== Records shown ==

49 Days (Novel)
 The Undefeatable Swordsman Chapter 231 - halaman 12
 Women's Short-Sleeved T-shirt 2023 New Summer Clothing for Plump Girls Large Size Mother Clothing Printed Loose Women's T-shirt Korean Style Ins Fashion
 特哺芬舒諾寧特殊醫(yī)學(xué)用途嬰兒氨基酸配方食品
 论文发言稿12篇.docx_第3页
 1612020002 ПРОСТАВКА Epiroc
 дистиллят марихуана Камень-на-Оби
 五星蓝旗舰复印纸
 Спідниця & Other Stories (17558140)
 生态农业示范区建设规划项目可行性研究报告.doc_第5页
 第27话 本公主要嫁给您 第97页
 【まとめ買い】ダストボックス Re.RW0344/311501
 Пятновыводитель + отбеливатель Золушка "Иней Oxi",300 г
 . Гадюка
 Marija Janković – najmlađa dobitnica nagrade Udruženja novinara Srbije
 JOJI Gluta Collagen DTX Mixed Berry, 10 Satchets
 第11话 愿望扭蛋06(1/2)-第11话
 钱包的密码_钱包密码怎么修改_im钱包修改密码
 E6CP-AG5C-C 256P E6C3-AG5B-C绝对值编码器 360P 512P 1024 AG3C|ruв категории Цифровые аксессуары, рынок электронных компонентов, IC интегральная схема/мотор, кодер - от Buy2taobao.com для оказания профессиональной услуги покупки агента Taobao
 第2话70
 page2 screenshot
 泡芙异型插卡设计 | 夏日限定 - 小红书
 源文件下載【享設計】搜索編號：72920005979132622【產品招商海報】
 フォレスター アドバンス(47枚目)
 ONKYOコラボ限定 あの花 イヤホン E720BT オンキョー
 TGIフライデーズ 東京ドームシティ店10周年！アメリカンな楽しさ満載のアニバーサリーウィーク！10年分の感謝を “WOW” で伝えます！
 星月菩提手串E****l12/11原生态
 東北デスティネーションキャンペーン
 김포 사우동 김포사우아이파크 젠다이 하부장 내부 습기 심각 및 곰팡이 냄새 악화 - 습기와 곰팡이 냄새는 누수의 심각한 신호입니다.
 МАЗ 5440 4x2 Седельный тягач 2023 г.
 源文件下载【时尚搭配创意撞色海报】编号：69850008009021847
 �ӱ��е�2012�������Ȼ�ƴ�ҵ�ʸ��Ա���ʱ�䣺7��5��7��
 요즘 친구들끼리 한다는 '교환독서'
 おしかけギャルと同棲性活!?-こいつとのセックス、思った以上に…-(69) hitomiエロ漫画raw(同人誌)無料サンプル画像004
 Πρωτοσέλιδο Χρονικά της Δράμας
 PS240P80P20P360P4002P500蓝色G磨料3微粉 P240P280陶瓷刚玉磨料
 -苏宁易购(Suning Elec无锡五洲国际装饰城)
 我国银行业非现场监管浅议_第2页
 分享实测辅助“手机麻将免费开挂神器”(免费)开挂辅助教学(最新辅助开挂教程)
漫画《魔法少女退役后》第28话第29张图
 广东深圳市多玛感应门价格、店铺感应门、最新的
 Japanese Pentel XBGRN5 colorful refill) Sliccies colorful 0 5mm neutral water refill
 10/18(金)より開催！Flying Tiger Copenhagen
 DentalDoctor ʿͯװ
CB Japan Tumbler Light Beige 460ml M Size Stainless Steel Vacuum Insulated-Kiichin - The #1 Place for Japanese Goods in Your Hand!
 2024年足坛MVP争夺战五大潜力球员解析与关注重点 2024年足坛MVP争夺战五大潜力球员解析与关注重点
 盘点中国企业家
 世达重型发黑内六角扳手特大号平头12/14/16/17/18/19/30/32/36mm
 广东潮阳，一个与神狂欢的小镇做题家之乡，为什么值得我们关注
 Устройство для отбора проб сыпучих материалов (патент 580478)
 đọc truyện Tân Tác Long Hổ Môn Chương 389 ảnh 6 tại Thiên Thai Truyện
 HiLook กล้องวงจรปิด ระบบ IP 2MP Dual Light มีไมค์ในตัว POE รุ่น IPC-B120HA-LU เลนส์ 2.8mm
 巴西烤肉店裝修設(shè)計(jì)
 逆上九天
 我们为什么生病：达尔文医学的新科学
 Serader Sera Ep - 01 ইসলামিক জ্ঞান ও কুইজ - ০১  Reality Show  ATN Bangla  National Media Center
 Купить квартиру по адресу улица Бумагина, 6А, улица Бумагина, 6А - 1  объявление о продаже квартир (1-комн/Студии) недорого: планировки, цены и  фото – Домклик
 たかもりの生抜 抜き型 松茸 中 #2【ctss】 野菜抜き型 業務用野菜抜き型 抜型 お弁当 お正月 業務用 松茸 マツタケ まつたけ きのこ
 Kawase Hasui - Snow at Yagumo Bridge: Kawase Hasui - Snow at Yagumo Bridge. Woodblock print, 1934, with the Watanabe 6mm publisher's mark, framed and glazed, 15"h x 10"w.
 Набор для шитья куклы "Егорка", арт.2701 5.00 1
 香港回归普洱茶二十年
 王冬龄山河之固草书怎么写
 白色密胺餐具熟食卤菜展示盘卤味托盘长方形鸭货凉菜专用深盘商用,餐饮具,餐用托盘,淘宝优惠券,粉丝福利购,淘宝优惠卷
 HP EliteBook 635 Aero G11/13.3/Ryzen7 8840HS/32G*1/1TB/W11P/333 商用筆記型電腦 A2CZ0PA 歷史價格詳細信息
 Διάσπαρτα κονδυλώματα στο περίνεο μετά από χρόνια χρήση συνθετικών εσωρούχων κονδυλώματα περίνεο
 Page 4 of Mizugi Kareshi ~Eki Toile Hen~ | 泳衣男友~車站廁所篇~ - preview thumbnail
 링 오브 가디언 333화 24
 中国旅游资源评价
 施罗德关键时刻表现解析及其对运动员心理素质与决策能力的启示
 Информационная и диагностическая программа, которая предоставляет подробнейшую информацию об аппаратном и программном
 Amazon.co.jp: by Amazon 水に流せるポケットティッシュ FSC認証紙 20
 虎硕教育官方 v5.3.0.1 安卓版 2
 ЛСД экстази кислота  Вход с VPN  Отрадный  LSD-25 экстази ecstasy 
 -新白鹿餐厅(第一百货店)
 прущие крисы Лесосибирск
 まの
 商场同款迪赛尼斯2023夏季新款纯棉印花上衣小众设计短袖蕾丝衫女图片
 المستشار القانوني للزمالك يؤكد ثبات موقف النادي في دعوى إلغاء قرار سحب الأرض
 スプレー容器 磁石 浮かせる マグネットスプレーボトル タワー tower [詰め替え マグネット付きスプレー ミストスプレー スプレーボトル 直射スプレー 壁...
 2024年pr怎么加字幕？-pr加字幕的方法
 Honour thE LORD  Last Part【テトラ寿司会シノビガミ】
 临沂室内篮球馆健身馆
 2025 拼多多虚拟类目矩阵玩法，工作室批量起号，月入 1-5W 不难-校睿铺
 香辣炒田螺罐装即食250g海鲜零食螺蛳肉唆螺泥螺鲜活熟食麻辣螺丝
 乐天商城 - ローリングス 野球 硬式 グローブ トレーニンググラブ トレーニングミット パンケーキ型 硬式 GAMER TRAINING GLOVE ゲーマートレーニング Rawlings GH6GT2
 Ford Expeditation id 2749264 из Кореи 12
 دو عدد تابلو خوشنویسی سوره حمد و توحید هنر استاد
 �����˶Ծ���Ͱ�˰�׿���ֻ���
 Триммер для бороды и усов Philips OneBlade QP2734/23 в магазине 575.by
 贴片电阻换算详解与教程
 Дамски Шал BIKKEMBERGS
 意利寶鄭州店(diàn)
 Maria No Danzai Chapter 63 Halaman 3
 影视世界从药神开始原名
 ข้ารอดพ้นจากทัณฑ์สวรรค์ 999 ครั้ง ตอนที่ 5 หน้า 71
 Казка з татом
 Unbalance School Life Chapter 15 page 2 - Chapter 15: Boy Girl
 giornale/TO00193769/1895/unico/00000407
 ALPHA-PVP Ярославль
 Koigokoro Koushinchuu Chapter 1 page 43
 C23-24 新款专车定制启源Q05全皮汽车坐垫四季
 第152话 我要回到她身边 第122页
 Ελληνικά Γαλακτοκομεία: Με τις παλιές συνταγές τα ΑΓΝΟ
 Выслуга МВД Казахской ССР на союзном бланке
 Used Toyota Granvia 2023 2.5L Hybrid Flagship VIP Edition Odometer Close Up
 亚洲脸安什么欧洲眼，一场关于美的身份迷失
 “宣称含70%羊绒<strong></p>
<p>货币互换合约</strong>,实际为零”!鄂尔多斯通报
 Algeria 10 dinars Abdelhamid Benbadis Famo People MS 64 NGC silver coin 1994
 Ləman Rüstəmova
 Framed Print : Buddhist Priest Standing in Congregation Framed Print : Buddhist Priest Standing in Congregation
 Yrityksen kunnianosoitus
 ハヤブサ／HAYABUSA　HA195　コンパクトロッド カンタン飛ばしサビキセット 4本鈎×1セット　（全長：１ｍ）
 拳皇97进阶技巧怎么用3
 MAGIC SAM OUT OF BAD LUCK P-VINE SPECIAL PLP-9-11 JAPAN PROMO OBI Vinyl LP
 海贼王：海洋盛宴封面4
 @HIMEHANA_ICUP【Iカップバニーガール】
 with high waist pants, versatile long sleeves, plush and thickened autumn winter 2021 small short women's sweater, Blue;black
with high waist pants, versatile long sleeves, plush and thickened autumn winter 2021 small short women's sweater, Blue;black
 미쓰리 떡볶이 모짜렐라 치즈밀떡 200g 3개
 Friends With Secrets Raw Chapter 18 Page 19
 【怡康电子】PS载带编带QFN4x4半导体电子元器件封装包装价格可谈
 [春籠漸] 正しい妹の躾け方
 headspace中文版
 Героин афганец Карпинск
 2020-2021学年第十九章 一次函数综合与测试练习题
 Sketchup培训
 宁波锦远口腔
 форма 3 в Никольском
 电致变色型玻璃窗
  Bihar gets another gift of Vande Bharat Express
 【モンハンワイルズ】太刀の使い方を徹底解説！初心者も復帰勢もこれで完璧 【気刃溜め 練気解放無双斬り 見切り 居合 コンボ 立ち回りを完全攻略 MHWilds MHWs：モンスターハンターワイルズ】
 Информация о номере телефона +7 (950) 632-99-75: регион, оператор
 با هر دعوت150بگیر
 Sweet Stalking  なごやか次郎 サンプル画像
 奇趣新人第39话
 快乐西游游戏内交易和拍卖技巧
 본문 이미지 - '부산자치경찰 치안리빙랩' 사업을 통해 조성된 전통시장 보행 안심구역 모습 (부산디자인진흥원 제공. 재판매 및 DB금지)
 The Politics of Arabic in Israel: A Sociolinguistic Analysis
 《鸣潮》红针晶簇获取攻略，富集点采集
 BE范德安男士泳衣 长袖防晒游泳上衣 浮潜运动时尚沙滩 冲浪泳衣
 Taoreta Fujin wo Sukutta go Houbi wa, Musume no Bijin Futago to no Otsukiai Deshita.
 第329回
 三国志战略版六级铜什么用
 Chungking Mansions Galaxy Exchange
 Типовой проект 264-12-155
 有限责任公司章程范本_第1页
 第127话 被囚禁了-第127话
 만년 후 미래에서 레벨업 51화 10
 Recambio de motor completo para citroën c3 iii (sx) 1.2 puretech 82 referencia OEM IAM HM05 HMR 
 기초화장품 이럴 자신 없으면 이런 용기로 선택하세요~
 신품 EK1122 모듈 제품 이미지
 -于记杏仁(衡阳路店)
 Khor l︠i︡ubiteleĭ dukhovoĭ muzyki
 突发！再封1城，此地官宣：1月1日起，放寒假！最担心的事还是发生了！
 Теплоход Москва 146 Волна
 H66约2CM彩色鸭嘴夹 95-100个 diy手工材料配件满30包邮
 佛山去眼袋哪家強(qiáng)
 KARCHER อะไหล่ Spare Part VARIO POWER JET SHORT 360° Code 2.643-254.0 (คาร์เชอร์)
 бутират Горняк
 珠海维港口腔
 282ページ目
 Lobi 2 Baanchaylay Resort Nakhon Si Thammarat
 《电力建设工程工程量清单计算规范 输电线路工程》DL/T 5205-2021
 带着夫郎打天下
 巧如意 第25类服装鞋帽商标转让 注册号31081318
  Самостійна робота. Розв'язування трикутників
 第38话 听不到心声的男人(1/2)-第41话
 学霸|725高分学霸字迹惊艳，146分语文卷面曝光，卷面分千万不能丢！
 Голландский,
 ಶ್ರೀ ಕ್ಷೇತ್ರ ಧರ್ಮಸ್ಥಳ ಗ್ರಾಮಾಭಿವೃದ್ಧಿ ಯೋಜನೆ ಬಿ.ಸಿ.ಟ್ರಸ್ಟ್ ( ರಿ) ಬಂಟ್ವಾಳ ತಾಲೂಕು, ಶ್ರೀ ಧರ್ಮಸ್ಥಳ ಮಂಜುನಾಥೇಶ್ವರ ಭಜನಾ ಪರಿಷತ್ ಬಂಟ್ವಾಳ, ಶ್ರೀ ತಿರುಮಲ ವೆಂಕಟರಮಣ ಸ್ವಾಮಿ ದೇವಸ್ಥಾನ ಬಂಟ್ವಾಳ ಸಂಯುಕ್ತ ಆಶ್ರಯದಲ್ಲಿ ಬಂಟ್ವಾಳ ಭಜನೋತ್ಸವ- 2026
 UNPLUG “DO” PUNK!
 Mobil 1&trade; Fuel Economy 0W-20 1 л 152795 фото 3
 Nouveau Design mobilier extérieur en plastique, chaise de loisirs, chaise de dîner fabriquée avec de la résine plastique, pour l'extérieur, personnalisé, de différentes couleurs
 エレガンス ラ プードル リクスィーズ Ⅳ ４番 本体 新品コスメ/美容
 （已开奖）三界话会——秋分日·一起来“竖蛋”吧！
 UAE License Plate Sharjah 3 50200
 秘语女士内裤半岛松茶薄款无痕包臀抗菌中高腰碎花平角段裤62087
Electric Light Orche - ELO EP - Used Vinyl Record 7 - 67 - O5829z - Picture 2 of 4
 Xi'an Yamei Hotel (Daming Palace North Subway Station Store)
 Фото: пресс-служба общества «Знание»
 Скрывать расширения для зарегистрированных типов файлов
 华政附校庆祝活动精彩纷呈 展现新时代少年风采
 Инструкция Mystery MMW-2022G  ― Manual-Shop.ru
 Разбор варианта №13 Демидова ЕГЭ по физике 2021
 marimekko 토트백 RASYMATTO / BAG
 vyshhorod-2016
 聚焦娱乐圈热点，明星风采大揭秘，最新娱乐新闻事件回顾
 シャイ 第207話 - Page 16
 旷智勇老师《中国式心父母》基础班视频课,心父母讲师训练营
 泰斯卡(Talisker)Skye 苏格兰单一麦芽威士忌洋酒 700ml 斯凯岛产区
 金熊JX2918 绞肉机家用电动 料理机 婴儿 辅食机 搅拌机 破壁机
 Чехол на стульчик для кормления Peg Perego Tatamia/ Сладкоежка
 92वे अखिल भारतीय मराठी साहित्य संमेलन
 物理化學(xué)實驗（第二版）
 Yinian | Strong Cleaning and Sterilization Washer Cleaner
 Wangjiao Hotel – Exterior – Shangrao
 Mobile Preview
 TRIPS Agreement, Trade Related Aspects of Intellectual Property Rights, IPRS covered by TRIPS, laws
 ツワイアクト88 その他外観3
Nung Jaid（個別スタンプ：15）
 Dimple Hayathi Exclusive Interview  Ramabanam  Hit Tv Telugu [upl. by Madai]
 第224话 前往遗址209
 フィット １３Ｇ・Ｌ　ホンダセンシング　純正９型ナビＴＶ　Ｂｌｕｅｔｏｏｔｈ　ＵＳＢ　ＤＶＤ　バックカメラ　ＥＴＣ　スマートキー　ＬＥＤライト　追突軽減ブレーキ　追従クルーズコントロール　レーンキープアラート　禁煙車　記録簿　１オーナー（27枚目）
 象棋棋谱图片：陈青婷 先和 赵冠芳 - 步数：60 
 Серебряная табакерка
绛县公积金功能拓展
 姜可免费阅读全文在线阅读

===

Copy exactly the lines running from the one that contains "marimekko 토트백 RASYMATTO / BAG" to the end of the material, both ends included.

* [Reply]
 marimekko 토트백 RASYMATTO / BAG
 vyshhorod-2016
 聚焦娱乐圈热点，明星风采大揭秘，最新娱乐新闻事件回顾
 シャイ 第207話 - Page 16
 旷智勇老师《中国式心父母》基础班视频课,心父母讲师训练营
 泰斯卡(Talisker)Skye 苏格兰单一麦芽威士忌洋酒 700ml 斯凯岛产区
 金熊JX2918 绞肉机家用电动 料理机 婴儿 辅食机 搅拌机 破壁机
 Чехол на стульчик для кормления Peg Perego Tatamia/ Сладкоежка
 92वे अखिल भारतीय मराठी साहित्य संमेलन
 物理化學(xué)實驗（第二版）
 Yinian | Strong Cleaning and Sterilization Washer Cleaner
 Wangjiao Hotel – Exterior – Shangrao
 Mobile Preview
 TRIPS Agreement, Trade Related Aspects of Intellectual Property Rights, IPRS covered by TRIPS, laws
 ツワイアクト88 その他外観3
Nung Jaid（個別スタンプ：15）
 Dimple Hayathi Exclusive Interview  Ramabanam  Hit Tv Telugu [upl. by Madai]
 第224话 前往遗址209
 フィット １３Ｇ・Ｌ　ホンダセンシング　純正９型ナビＴＶ　Ｂｌｕｅｔｏｏｔｈ　ＵＳＢ　ＤＶＤ　バックカメラ　ＥＴＣ　スマートキー　ＬＥＤライト　追突軽減ブレーキ　追従クルーズコントロール　レーンキープアラート　禁煙車　記録簿　１オーナー（27枚目）
 象棋棋谱图片：陈青婷 先和 赵冠芳 - 步数：60 
 Серебряная табакерка
绛县公积金功能拓展
 姜可免费阅读全文在线阅读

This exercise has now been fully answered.